The Presence, Implications, and Mitigation of Within-Field Variability on Sports Fields

Abstract

Within-field variability has been a recent topic of interest in sports field management and may influence field safety and playability. However, little is known about the presence, impact, or mitigation of within-field variability; therefore, this thesis aims to add to the growing knowledge. Three independent studies were conducted. The first explored short-term variability of surface hardness, soil moisture, turfgrass cover, and normalized difference vegetation index of a soccer pitch during a nine-day professional soccer tournament in a stadium environment. Surface hardness and soil moisture changed the least, while turfgrass cover changed the most over the course of the tournament. The second study investigated the impact of force reduction within-field variability on collegiate rugby athletes’ peak tibial accelerations using ankle-worn inertial measurement unit (IMU) sensors on natural turfgrass and synthetic turf fields during three athletic maneuvers (drop landing, drop jump, and acceleration-deceleration ability). Peak tibial accelerations were significantly higher in the low force reduction areas compared to high force reduction areas during the drop landing activity on both field types. The peak tibial accelerations were also higher on the low force reduction area for the first landing of the drop jump on the natural turfgrass field. The second landing of the drop jump on natural turfgrass and both landings on the synthetic turf field were not different.

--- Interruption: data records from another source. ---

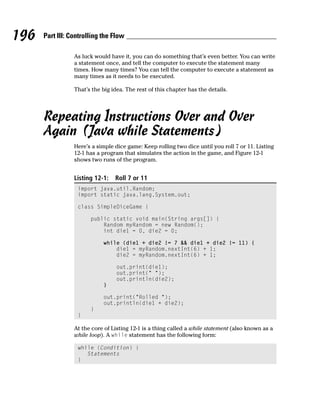 196   Part III: Controlling the Flow

                 As luck would have it, you can do something that’s even better. You can write
                 a statement once, and tell the computer to execute the statement many
                 times. How many times? You can tell the computer to execute a statement as
                 many times as it needs to be executed.

                 That’s the big idea. The rest of this chapter has the details.




      Repeating Instructions Over and Over
      Again (Java while Statements)
                 Here’s a simple dice game: Keep rolling two dice until you roll 7 or 11. Listing
                 12-1 has a program that simulates the action in the game, and Figure 12-1
                 shows two runs of the program.


                 Listing 12-1:   Roll 7 or 11
                  import java.util.Random;
                  import static java.lang.System.out;

                  class SimpleDiceGame {

                       public static void main(String args[]) {
                           Random myRandom = new Random();
                           int die1 = 0, die2 = 0;

                            while (die1 + die2 != 7 && die1 + die2 != 11) {
                                die1 = myRandom.nextInt(6) + 1;
                                die2 = myRandom.nextInt(6) + 1;

                                  out.print(die1);
                                  out.print(“ “);
                                  out.println(die2);
                            }

                            out.print(“Rolled “);
                            out.println(die1 + die2);
                       }
                  }

                 At the core of Listing 12-1 is a thing called a while statement (also known as a
                 while loop). A while statement has the following form:

                  while (Condition) {
                     Statements
                  }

No statistical difference was detected for peak tibial accelerations for the acceleration-deceleration ability trial on either field type. The final study investigated the efficacy of precision aerification at mitigating surface hardness consistency during a growing season on fields with a loamy sand or sand-capped rootzone. The triannual blanket and annual precision aerifications resulted in more consistent surface hardness compared to the untreated control on the loamy sand field. The annual and triannual precision aerifications, as well as the triannual blanket aerification, each performed better than the untreated control on the sand-capped rootzone. Results have important implications on field management strategies and athlete biomechanics moving forward.